Extraits de Perón
parle, [recueil de discours de Juan Domingo Perón traduits en français, Buenos
Aires ?], 1949 :
« Bien-etre
social
La bataille des "sans-chemises"
vis à vis du marxisme n'a pas uniquement un sens politique, elle a aussi la
signification sociale d'après laquelle les classes ouvrières ne peuvent trouver
leur bien-être dans un système qui annule l'individu pour le soumettre par
coaction, mais plutôt dans l'exaltation de la propre individualité mise au
service des intérêts communs. La formule désirable n'est pas que la richesse
nationale ou la richesse de l'Etat s'obtienne en empêchant l'enrichissement
individuel de chaque travailleur, mais en cherchant le moyen pour que plus
augmente le bien-être économique individuel des travailleurs, plus grande soit
la richesse nationale. Ceci est ce qui intéresse les masses ouvrières et c'est
à cela que tend ma politique sociale.
(Message inaugural de la période législative,
1 mai 1948) » (p. 19).
Sentiments argentins
Nous pensons
d'ici, de note Argentine profondément chrétienne et profondément humanitaire,
mise au service d'un républicanisme respectueux, que nous sommes en train de
travailler pour un monde ennobli par la pratique des vertus humaines, où la
haine s'est convertie en amour, l'égoïsme en générosité, la passion vengeresse
en pardon. Tels sont les sentiments argentins, les sentiments dont nous nous
inspirons et avec lesquels nous avons défini notre politique et réalisé notre
histoire.
(Discours du 24 mai 1948) » (p. 51).
La « révolution
libératrice »
« La
révolution ne se fait pas au bénéfice de partis, de classes, de tendances, mais
dans le but de rétablir l’empire du droit. Prosternés aux pieds de la « Virgen
Capitana », invoquant la protection de Dieu, source de toute raison et de
justice, nous faisons cet appel à tous les membres des Forces armées de la
Nation, officiers, sous-officiers et soldats, pour qu’ils se joignent à nous. »
(« Proclama revolucionaria del general Lonardi »,
Córdoba, 17 septembre 1955)
Le
simulacre (texte de Jorge Luis Borges, 1960)

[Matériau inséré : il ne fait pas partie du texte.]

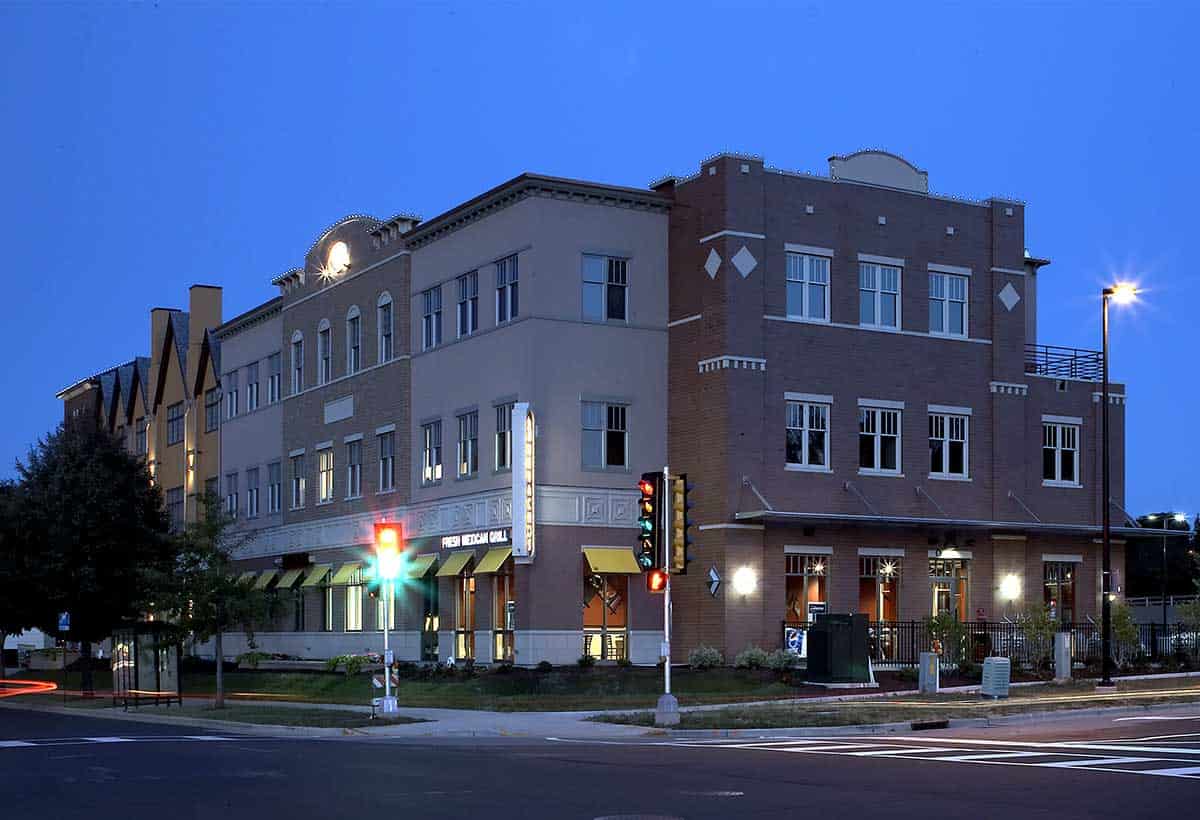 8333 Greenway Blvd-4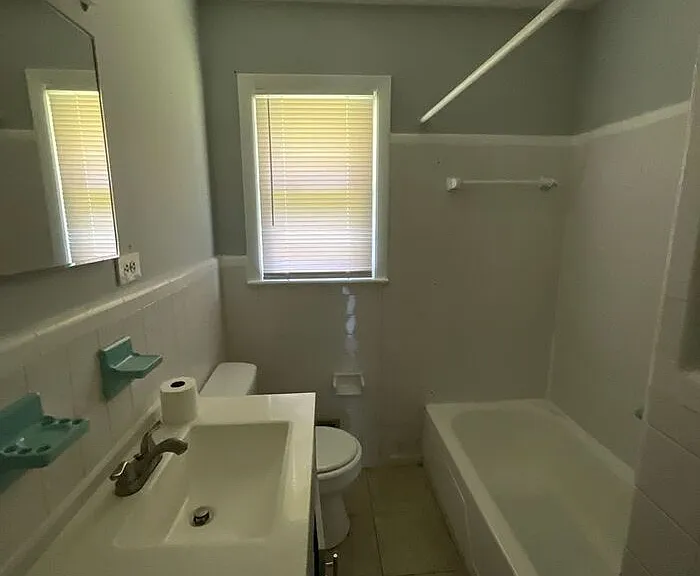 243 Edison Ave — Photo 19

« Un jour de juillet 1952, l’homme
en deuil apparut dans ce petit village du Chaco. Il était grand, mince, avec des traits d’Indien et le visage
inexpressif d’un idiot ou d’un masque. Les gens le traitaient avec déférence,
non pour lui, mais pour ce qu’il représentait ou était déjà. Il choisit un
rancho près de la rivière. Avec l’aide de quelques voisines, il mit une planche
sur deux tréteaux et y installa une boîte en carton avec une poupée blonde.

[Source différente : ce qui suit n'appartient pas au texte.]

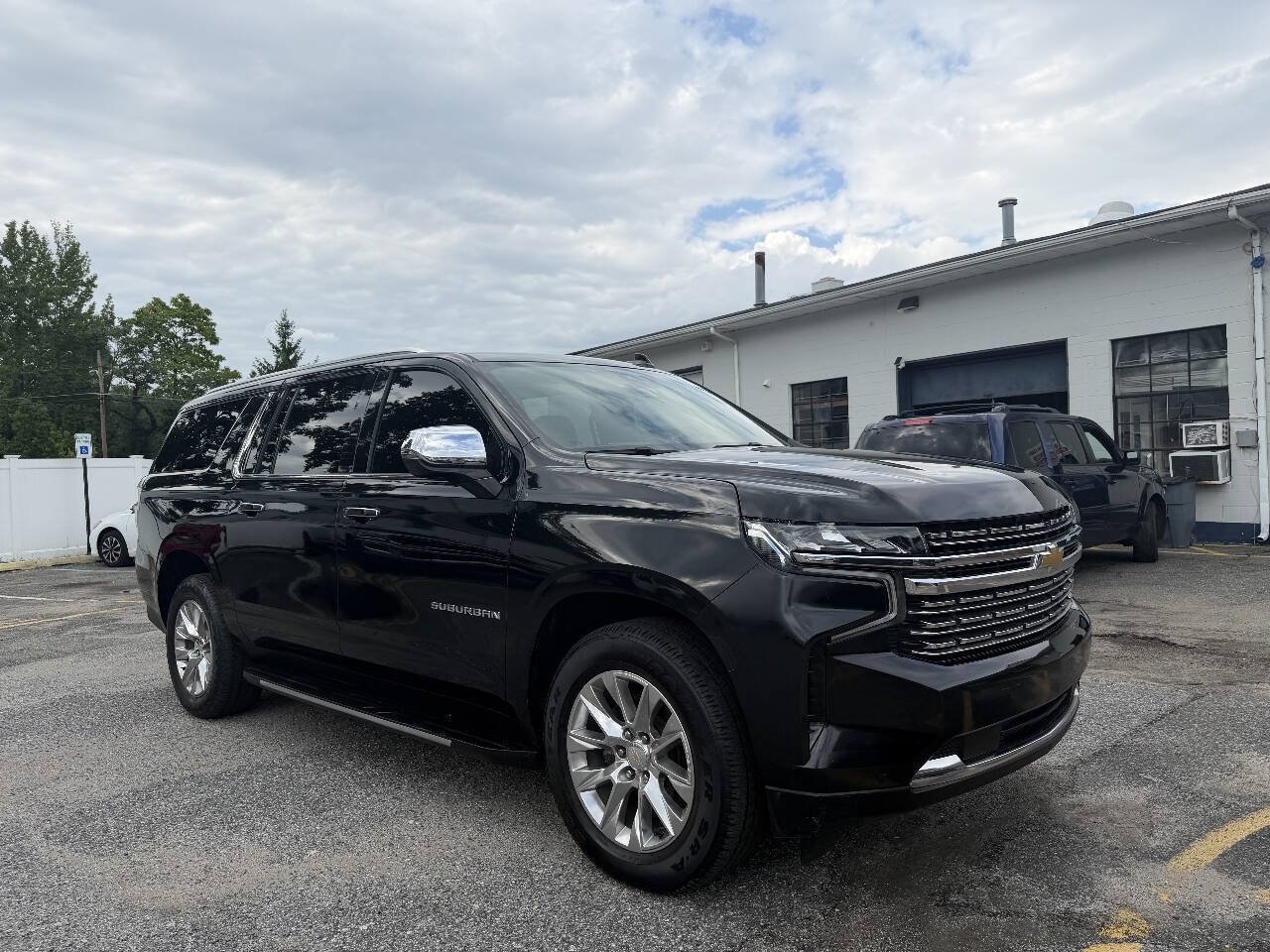 Used 2022 Chevrolet Suburban Premier RWD image 4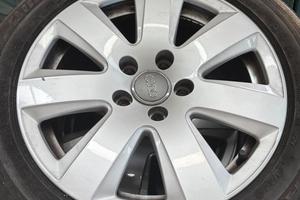 Cerchi e gomme Audi 225/55R16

Puis, ils allumèrent le quatre bougies sur des hauts chandeliers et disposèrent
des fleurs tout autour. Les gens ne tardèrent pas à arriver. Des vieilles
femmes désespérées, des enfants stupéfaits, des garçons de ferme qui enlevaient
avec déférence leur coiffure de liège défilaient devant la boîte en
répétant : « Mes sincères condoléances, mon Général. » Placé
devant le haut bout de la table, celui-ci les recevait d’un air accablé, les
mains croisées sur le ventre comme une femme enceinte. Il tendait la main
droite pour serrer celles qu’on lui offrait et répondait avec une fermeté
résignée : « C’est le destin. On a fait tout ce qui était humainement
possible. » Une tirelire en fer-blanc recevait la contribution de deux
pesos et il y en eut beaucoup qui ne se contentèrent pas de venir une seule
fois.
Je
me demande quelle sorte d’homme imagina et exécuta cette farce funèbre ?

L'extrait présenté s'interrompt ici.